Figure 3: A graph of the A, B, C and D weightings across the frequency spectrum. Wikipedia creative commons.

 

Healthy and Dangerous Sound Pressure Levels

Inside of the inner ear and cochlea is a circular spiral or strip known as the basilar membrane. The basilar membrane houses the infamous Organ of Corti - a band of hair cells that trigger the electrical impulses which are then delivered to your brain and perceived consciously as sound. These hair cells are so fine and fragile, that with time and exposure to stress they begin to fray and lose their elasticity, so that they no longer trigger an electrical impulse to your brain.

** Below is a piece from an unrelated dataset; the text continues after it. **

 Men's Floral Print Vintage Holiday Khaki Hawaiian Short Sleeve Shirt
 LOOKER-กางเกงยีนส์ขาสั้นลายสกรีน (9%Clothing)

Figure 4: cross section through the spiral Organ of Corti (Henry Gray 1918).

 

This is extremely unfortunate because there is actually no effective cure to hearing loss. Due to the miniscule nature of our auditory system, surgery is virtually impossible, and other treatments such as steroids are ineffective. This means that you should ALWAYS pay attention to the operating level with which you are working, and be conscious of how long you can be exposed to that level before doing permanent damage to your ears.

Hearing loss is relative to two things: the sound pressure level and period of exposure. The following table, taken from the World Health Organisation, outlines permissible noise levels for daily exposure. Or in other words, it shows how long you may be exposed to a threshold pressure level before doing damage to your hearing.

According to this data, you should only stay in Berghain without ear protection for 1 minute and 30 seconds if you want to avoid doing permanent damage to your hearing!

 

That’s why stationary sound field levels for critical listening and audio production should be kept well under 90 dB (A). Ideally, you would even want to work under 80 for the majority of your time, and then take breaks before and after adjusting your main mix to louder levels.